BioEmu on Modal

Gist link to modal input script here

It seems the literature is heading to the conclusion that cofolding models do not generalise to new chemistry, see, e.g. this paper or this one

As an alternative to cofolding models, perhaps we could just expose a cryptic site by generating an ensemble of conformations of some protein of interest. Once the site is exposed, then regular, boring, modeling techniques that have stood the test of time (e.g. docking) might work well. Molecular dynamics is one way to expose such cryptic sites, given a very long time. Neverthless, even with techniques like cosolvent simulations or enhanced sampling, it'll take a while and not insignificant money, so it won't be a standard approach for most.

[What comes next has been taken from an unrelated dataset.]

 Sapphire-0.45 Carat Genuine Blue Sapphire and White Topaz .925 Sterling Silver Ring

Instead, there are now protein structure-prediction models that aim to generate conformer ensembles. One such model was trained in multiple stages on a dizzying multi-modal dataset, including experimental stabilities, molecular dynamics, and static snapshots. Yet I'd never heard of it until seeing an experimental notebook in the ColabFold repo use it, which didn't work for me. So, today's snippet shares how to run BioEmu on Modal for the fellow GPU-poor. This took some serious tinkering - Modal is fussy at best, but then BioEmu wants you to install colabfold, into a fresh conda, without activating the environment, then finally patching several files. There's also a uv virtual env tucked in there, too. Obviously that will completely screw with a Modal instance. But the magic incantation does exist, and here it is.

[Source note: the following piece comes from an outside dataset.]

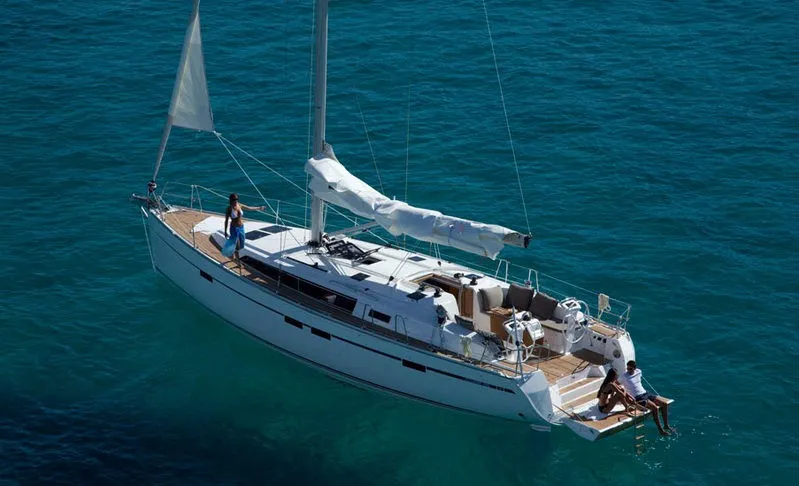 Exterior view of Jameson, a Bavaria Cruiser 46 sailboat at Zadar, Croatia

The example snippet uses T4 lysozyme and generates 50 samples, apparently in proportion to their free energy if you believe the paper. After trying a few systems, this might be true. Some samples are filtered out due to unphysical geometry. The output is in an xtc file, which can be parsed easily enough with MDTraj or MDAnalysis. Pro tip: do not use HPacker to rebuild sidechains. Use Yang Zhang's FASPR instead - faster, already works perfectly, and much less fiddly.